Klug: Ich habe als Kind mit allem gespielt was Spaß gemacht hat – unabhängig von Geschlechterrollen –, da waren Puppen aber auch Lego Technic dabei. Die Entscheidung, etwas Technisches zu studieren, traf ich recht spät, erst kurz vor der Matura. Ich war in der Schule immer gut in Mathematik und ich hatte einen Lehrer, der das sehr gefördert hat. Er wollte mich zu einem technischen Studium überreden, wovon ich aber anfangs wenig begeistert war. Ich konnte mir darunter wenig vorstellen, dachte es sei langweilig und es hatte für mich zu wenig mit Menschen zu tun. Und ich hatte auch Zweifel, ob es wirklich zu mir passt und ich ein technisches Studium ohne HTL-Background schaffen kann. Ich wollte eher etwas Soziales machen oder Medizin. Lustigerweise bin ich dann bei einem Tag der offenen Tür zufällig in einem falschen Hörsaal gelandet und habe dort einen Vortrag zum Thema Maschinenbau und Robotik gehört. Auf einmal war ein technisches Studium greifbarer für mich, vor allem als ich mir den Wahlfachkatalog angesehen habe. Dort habe ich erkannt, dass ich mit dem gleichen Studium sowohl über Windkraftwerke, als auch über Züge und Autos lernen kann. Das sind so viele spannende Themen und man braucht sich am Anfang nicht auf ein Thema einzuschränken, sondern kann generell lernen, wie man solche Dinge erforschen und designen kann.
Hätte es vorher, während der Schulzeit, schon Initiativen geben können, die Sie auch ohne diesen Zufall in diese Richtung hätten weisen können?
Klug: Ich war in einem Realgymnasium. Damals gab es einen Vortrag von „Frauen in die Technik“ bei mir an der Schule, aber der hat mich nicht so angesprochen. Nachdem ich es gewohnt war, dass wir in der Schule als Schülerinnen in der Mehrheit waren, konnte ich auch nicht nachvollziehen, warum man hier speziell die Mädchen extra anspricht. Ich glaube, ich hatte auch allgemein ein antiquiertes Bild von dem, wie Technikerinnen und Techniker sind und konnte mich damit nicht identifizieren. Sobald ich die ersten Technker*innen kennengelernt und erkannt habe, was sie für eine Faszination an der Sache haben, war das etwas anderes.

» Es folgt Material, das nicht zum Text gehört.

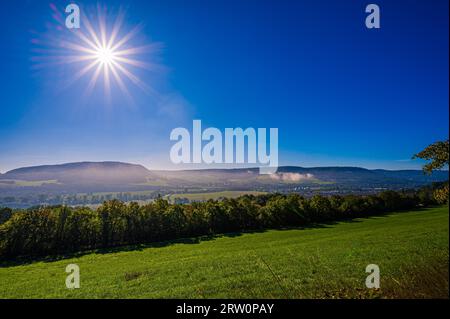 Nebbia sotto le montagne centrali sopra il villaggio di Kunitz vicino a Jena con stella solare e cielo blu, Jena, Turingia, Germania Foto Stock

Ich bin immer wieder erstaunt, mit welchen Zweifeln sich junge Frauen konfrontiert sehen, die sich für ein technisches Studium interessieren, obwohl es für sie objektiv gesehen keinen Grund dafür gibt.
Wurde in den vergangenen Jahren aktiver versucht, dieses eher veraltete Techniker*innenbild zu modernisieren?
Klug: Es gibt viele tolle Initiativen. Es sind alle sehr bemüht, Dinge verständlich zu erklären und zu zeigen, was Technik alles kann. Aber wir sehen an den Studierendenzahlen, dass wir trotzdem noch viel Luft nach oben haben. Wir haben hier die Kinderuni und immer wieder Schulgruppen zu Besuch und wenn wir fragen, wer interessiert sich für Maschinenbau, dann gibt es die Kinder, deren Eltern was in die Richtung machen. Die können sich was darunter vorstellen. Aber den anderen fällt es oft schwer. Ich hoffe, durch die Interaktion mit uns fällt es ihnen danach ein bisschen leichter.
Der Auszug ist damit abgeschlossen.